Start of RECORDED DATA

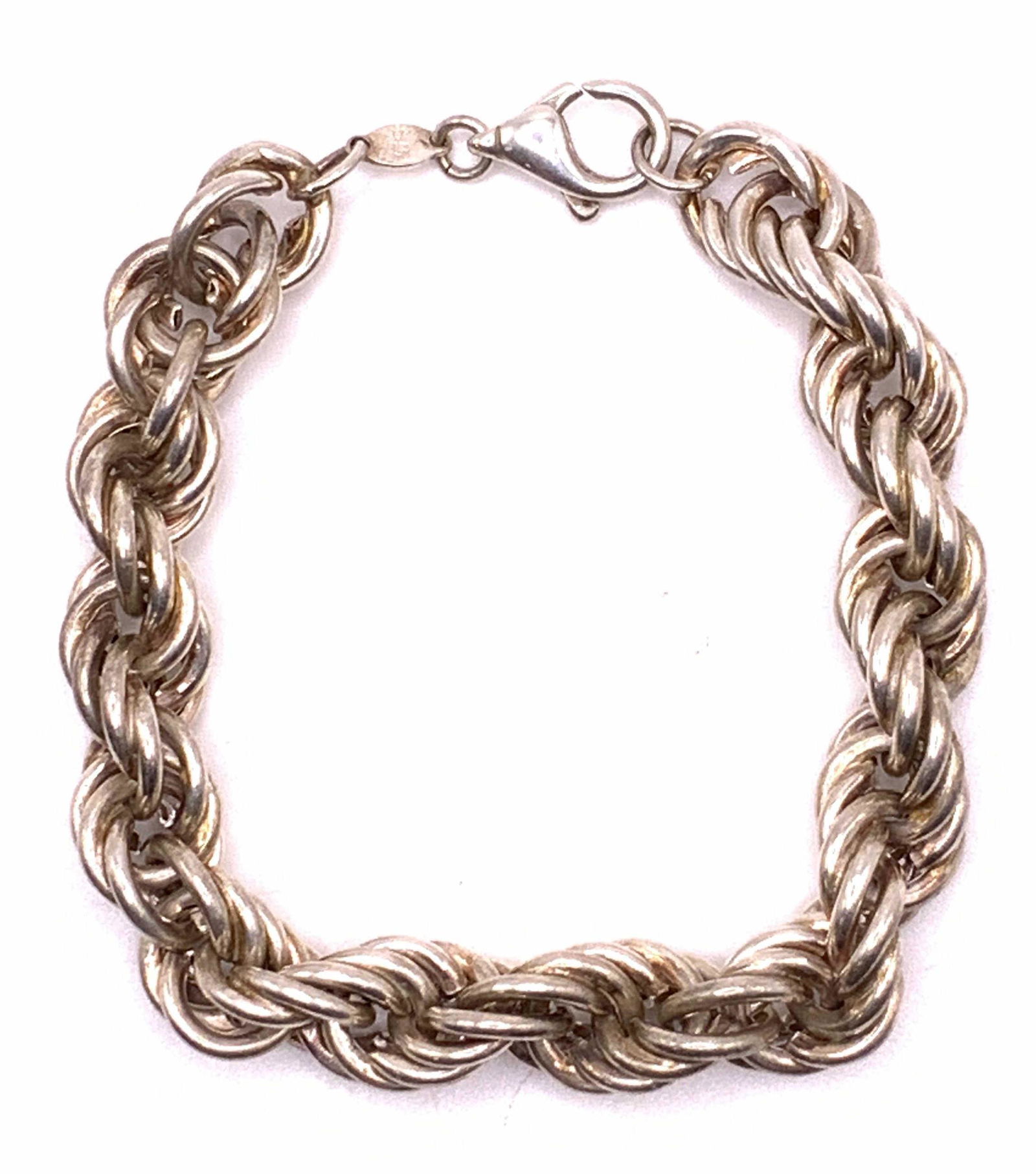 STERLING SILVER Twisted Rope Chain Bracelet IT (1 of 5)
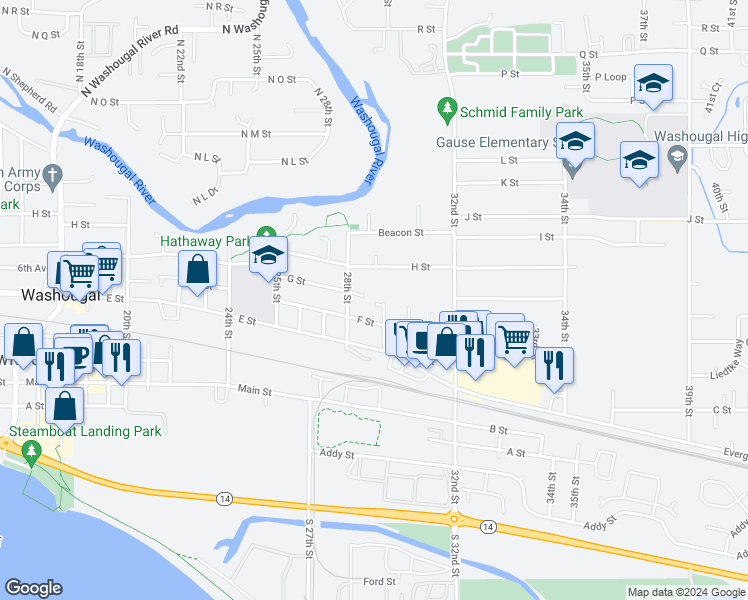 map of restaurants, bars, coffee shops, grocery stores, and more near 607 29th Street in Washougal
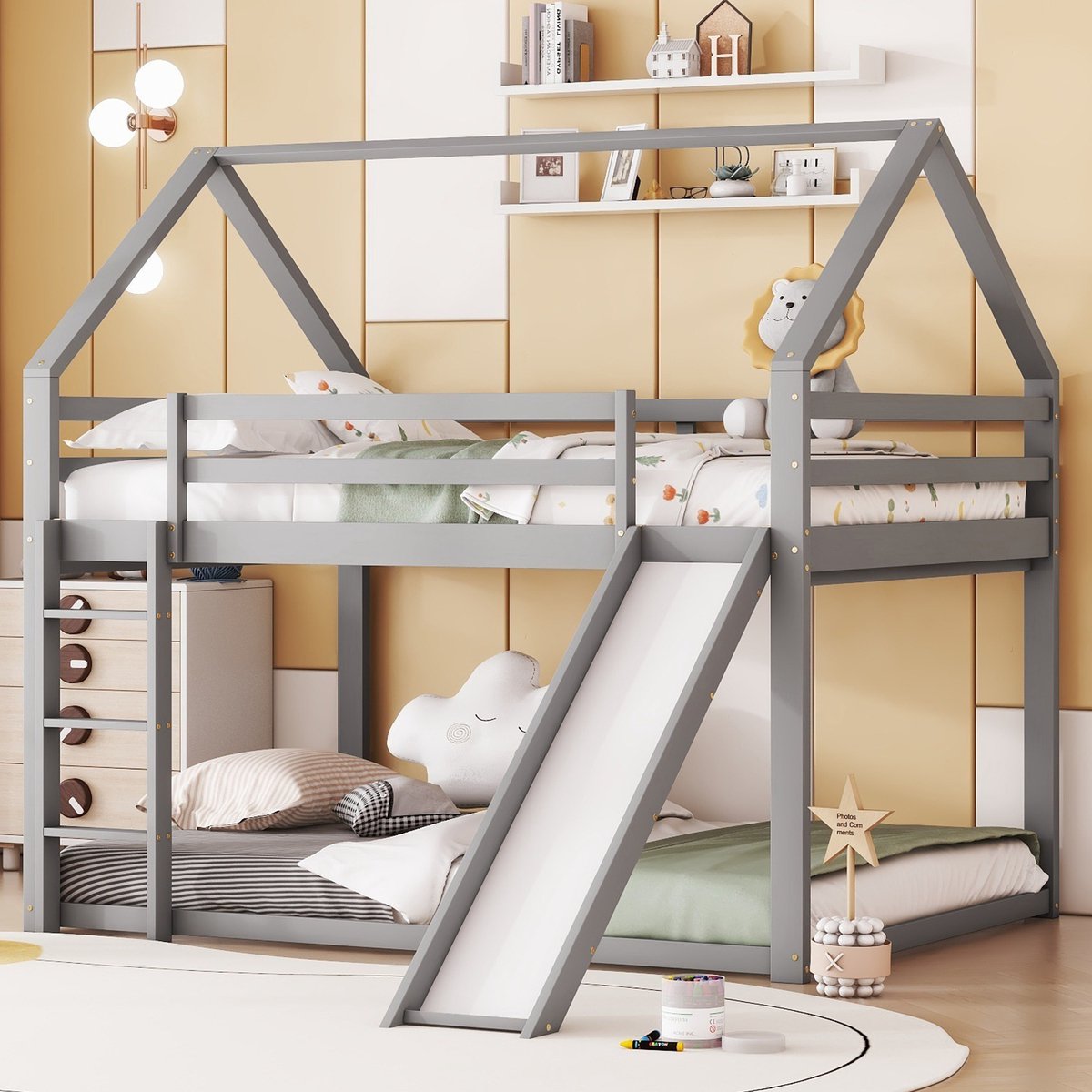 Kinderbed - voor matras 140 x 200 cm - grijs - met USB-aansluiting en lattenbodem - matras niet inbegrepen - voor de slaapkamer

End of RECORDED DATA

## ASSIGNMENT
From the first line to the last, write out the data exactly, dropping any pictures.

## WRITTEN SOLUTION
 STERLING SILVER Twisted Rope Chain Bracelet IT (1 of 5)
 map of restaurants, bars, coffee shops, grocery stores, and more near 607 29th Street in Washougal
 Kinderbed - voor matras 140 x 200 cm - grijs - met USB-aansluiting en lattenbodem - matras niet inbegrepen - voor de slaapkamer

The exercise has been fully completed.